Description of the task> From the entries below, reproduce exactly the line containing "Source: YouTube/SuperBlueTaurus The", the line containing "Tesla Model Y 2024 car image #6", and every line in between, with nothing added.

Information provided>
-- Opening Marker --

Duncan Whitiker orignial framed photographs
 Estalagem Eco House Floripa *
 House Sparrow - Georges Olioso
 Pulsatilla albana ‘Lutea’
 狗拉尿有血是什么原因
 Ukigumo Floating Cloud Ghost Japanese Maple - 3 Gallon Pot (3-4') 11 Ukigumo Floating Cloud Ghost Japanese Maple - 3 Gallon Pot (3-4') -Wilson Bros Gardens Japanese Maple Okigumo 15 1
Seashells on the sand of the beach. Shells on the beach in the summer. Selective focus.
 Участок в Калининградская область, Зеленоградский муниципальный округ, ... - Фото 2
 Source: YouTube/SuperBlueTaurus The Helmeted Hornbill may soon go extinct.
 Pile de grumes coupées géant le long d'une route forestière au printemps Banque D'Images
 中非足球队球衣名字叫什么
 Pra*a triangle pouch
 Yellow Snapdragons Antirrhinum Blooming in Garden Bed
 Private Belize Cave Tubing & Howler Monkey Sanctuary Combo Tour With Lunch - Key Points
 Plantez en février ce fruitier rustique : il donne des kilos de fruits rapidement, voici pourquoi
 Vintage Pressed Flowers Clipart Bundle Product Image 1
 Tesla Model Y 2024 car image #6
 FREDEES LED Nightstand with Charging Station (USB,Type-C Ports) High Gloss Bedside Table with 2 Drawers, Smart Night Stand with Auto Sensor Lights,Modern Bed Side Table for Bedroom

-- Closing Marker --

Solution>
 Source: YouTube/SuperBlueTaurus The Helmeted Hornbill may soon go extinct.
 Pile de grumes coupées géant le long d'une route forestière au printemps Banque D'Images
 中非足球队球衣名字叫什么
 Pra*a triangle pouch
 Yellow Snapdragons Antirrhinum Blooming in Garden Bed
 Private Belize Cave Tubing & Howler Monkey Sanctuary Combo Tour With Lunch - Key Points
 Plantez en février ce fruitier rustique : il donne des kilos de fruits rapidement, voici pourquoi
 Vintage Pressed Flowers Clipart Bundle Product Image 1
 Tesla Model Y 2024 car image #6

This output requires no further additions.